In 2013, the Vatican’s Congregation for Clergy emphasized that “under no circumstances can [a closed church] be alienated for use inconsistent with its dignity as a former church.”
Preferable to “sordid use,” the congregation emphasized, would be “demolition of the edifice.”
In discussing the notion of an “offensive purpose,” the Pontifical Council for Culture in 2018 emphasized “the need to avoid situations that can give offense to the religious sentiment of a Christian people,” and this can often be a local judgment, balancing inter-religious relations with real, sometimes profound theological problems thrown up by church sales.
While the planned conversion of the Buffalo church into a mosque has riled some online commentators, it is not without precedent elsewhere. Last year the church of St. Margaret Mary in Ottawa was bought for conversion into a mixed use site, including a mosque, in a move that was generally well received by local Catholics.
Meanwhile, in 2022, the New York Diocese of Rochester came under heavy criticism after approving the sale of a church to become a Hindu ashram, installing statues of pagan gods into what had previously been the church sanctuary and announcing that a statue of the Blessed Virgin Mary which had been left in the church would be displayed alongside an image of Kali, the Hindu goddess of death.
The image of the Blessed Virgin was subsequently recovered by the diocese after reporting.
The Rochester diocese example underlines how little authoritative guidance there is from Rome on judging the line between “profane” and “sordid” use, and how subjectively such a distinction can be applied.
Installing statues depicting other gods in the very spot where the Mass was offered for years struck many Catholics as sacrilegious, the building’s deconsecration notwithstanding, while others saw the turning a church building over for Hindu rituals and ceremonies as a kind of laudable gesture of inter-religious cooperation, despite Sacred Scripture’s persistent warnings about worshiping any but the one true God.
American dioceses have actually seen even more controversial examples in recent decades.
In 2011, St.
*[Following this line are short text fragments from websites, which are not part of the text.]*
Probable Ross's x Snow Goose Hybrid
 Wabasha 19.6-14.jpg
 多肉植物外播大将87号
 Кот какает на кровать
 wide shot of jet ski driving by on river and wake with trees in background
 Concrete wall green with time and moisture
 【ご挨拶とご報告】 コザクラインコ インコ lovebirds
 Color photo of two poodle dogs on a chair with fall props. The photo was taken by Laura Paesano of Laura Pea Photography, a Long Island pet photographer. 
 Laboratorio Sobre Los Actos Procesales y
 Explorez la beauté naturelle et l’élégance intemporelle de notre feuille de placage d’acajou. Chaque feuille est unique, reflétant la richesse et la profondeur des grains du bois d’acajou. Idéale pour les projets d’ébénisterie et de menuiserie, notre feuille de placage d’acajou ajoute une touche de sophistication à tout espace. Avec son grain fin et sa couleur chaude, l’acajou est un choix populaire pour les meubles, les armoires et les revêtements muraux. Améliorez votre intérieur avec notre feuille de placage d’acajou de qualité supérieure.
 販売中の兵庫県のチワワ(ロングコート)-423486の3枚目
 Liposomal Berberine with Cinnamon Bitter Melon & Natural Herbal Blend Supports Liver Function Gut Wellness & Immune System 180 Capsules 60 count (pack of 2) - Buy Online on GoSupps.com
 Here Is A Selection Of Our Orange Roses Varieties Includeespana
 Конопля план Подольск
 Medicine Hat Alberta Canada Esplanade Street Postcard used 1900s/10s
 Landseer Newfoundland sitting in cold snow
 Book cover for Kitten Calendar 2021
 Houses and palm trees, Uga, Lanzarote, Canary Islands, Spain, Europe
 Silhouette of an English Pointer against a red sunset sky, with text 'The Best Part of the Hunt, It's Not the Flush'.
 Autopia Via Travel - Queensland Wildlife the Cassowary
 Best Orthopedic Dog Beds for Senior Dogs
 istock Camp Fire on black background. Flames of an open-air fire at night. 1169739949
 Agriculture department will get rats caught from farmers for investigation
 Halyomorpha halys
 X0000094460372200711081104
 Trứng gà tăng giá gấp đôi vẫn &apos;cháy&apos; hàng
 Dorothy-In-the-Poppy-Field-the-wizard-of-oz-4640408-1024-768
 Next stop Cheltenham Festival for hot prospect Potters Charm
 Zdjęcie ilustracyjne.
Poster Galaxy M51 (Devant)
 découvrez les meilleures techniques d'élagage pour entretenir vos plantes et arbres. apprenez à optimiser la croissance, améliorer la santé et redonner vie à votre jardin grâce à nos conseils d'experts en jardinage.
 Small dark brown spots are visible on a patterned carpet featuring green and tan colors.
Mary Presentation Catholic Parish in the town of Deer Park, Washington, outgrew its parish church building, successfully raising funds for a new church and putting its former building up for sale.
While Masonic lodges are often seen as simple fraternal societies, where men of all religions and none can come together, leaving their differences at the door, in fact, the Church has always taught that Freemasonry has an explicitly religious nature, which is antithetical to Christianity — and the Catholic Church specifically.
The higher degrees of some Masonic branches, like the Royal Arch and Scottish Rites — whose membership has included some Deer Park Masons — have explicitly anti-Catholic rituals.
For that reason, canon law has always described Masonic lodges as “societies which plot against the Church.” The Church considers it a canonical crime for a Catholic to become a Mason, and maintains penalties for anyone who does so — including in the recently revised Book VI of the Code of Canon Law, promulgated by Pope Francis in 2021.
Despite the Church’s doctrinal and disciplinary opposition to Freemasonry, the sale of the Deerpark site went ahead.
Few canon lawyers would dispute that renovating a former church into a Masonic hall, when Masonic membership remains forbidden to Catholics, constitutes a “sordid use” of the building.
But sales of former churches like in Deer Park, Rochester, and Buffalo, are not as a general matter subject to Roman consultation or approval before the fact, and so they legitimately fall under the discretion of the diocesan bishop.